Ostensibly, you pop the fixed tag on bugs that have been fixed and completed on feature requests that have been implemented. [1] It’s part of the process to close the topics out (and keep interested parties updated with the relevant info). They were initially implemented to provide some visual indication that ‘a good thing had happened’ versus the lock symbol of a closed topic. When these tags are consistently applied you get a nice wave of green when you scroll down their category topic lists.
(And delivered was a separate but similar one that wasn’t team—controlled so it could be used in Marketplace)
For Solved, there are quite a few categories where it’s active rather than just the generic Support category. Pretty much any category where the majority of topics are going to be questions that can get a solution. Support, Installation, Dev, Data & reporting, SSO
Ideally, the best practice is to have the OP mark the solution but we know that this sometimes doesn’t happen (for a variety of reasons) so I would often scroll the topic lists back and clean some outstanding ones up after a couple of weeks or so (once they were deemed to be ‘abandoned’)
FWIW The Theme component topic for that is Reader Mode, so really that feedback topic you linked shouldn’t be in Theme component (as it’s not a theme component topic). It should probably be in Feature or UX as I think that’s where these have come to live now more of them exist.
(I think it was in Site feedback as it was an experiment here on meta)
and with UX being a halfway house between the two either can be used depending on the ‘flavour’ of the specific topic ↩︎
Awesome! Thanks for filling in some gaps there. I updated my table above.
That hasn’t been done systematically since you left, which is why we now have this topic to talk about getting caught up and having a system in place so we don’t fall behind again.
Yup, I guess that is what I was angling at with the OP. @JammyDodger - we miss you and your dedication to keeping Meta going so smoothly! Personally, I hope they make you an offer you can’t refuse…
I’m returning to this Topic as I’ve recently been reprimanded for flagging a Topic in Feature which I believed should have been marked completed - but wasn’t.
What I’d like to have done was to simply tag it myself. However, as that tag is restricted to @staff, I couldn’t. Hey, as a TL4 I can do a bunch of potentially destructive things, but just not that. I can’t even edit tags at all in some Categories (i.e. Plugin).
So, how is one meant to flag little things this up to the moderators without annoying them and getting told off? Or is the plan to leave it a bit of a mess?
I think its okay to flag the topic as something else and say you think it should be marked completed/fixed, at least for “old” topics (as in: has been completed/fixed 6 months ago but topic hasn’t been updated).
(Eventho others disagree with that)
For acute things: it would be good practice for our staff to make sure they followup on things they fix.
I think that if we get flags to tag each completed feature from the last 13 years this forum has been active because people have OCD, it would be a big waste of time for everyone.
The tag itself is newish, never widely adopted, and we could simply close topics for completed features, allowing everyone to create new topics and quote old ones as necessary.

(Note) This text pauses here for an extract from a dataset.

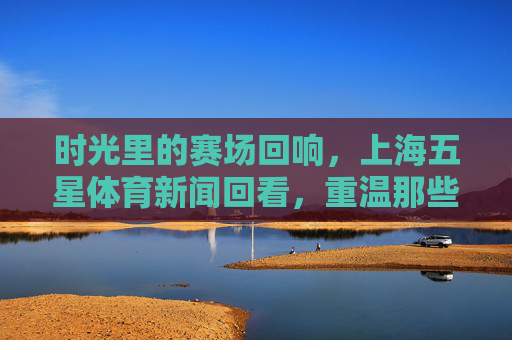 时光里的赛场回响,上海五星体育新闻回看,重温那些热血与荣光,时光赛场回响,上海五星体育重温热血荣光 时光里的赛场回响,上海五星体育新闻回看,重温那些热血与荣光,时光赛场回响,上海五星体育重温热血荣光
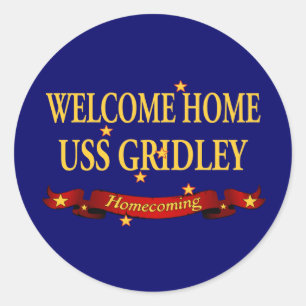 Welcome Home USS Gridley Classic Round Sticker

I’d rather remove the completed flag. It was applied 400 times and was only created as a way to help people write changelogs, who are dealt with differently nowadays.
I’m not sure I recognise this as the reason. It was initially implemented to provide a visual indicator that separated out completed feature requests from the rest of the closed topics. There’s a conversation somewhere on here between myself, Sam and Dave with more info in if you have a search. (I think it was in some whispers, but can’t recall exactly where)

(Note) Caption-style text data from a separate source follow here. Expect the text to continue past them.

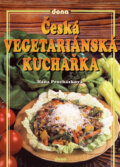 Kniha: Česká vegetariánská kuchařka (Hana Procházková). Dona, 2006 Kniha: Česká vegetariánská kuchařka (Hana Procházková). Dona, 2006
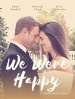 We Were Happy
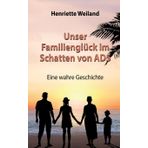 Unser Familienglück im Schatten von ADS: Eine wahre Geschichte - Wie ADS, Legasthenie und Entwicklungsstörungen Einfluss auf das Familienleben nehmen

Personally, I didn’t find it particularly onerous to keep on top of at the time. I did concentrate more on the ‘active’ window to ensure the topics towards the top of /latest were more consistent, though I also did others if they came across my path (related topics, and whatnot). Doing a full category audit of Feature would indeed be a much bigger job. (not to say it wouldn’t be useful to work through and prune/merge/close any ones that have been missed over the years, just saying that it would be time consuming and you’d need to weigh up where it sits on the priority list).
Is this a fear of what may be, or is this genuinely already happening? If it was an occasional one then I’m not sure that’s too much of an issue, but if it became a pattern then I agree that the flag system would not be the best place for it. I think a PM would be a less intrusive way of collecting the info.
But I also understand that you don’t really want devs and designers, etc to be sucked too deep into this as they will have other important work to do rather than tidying up meta.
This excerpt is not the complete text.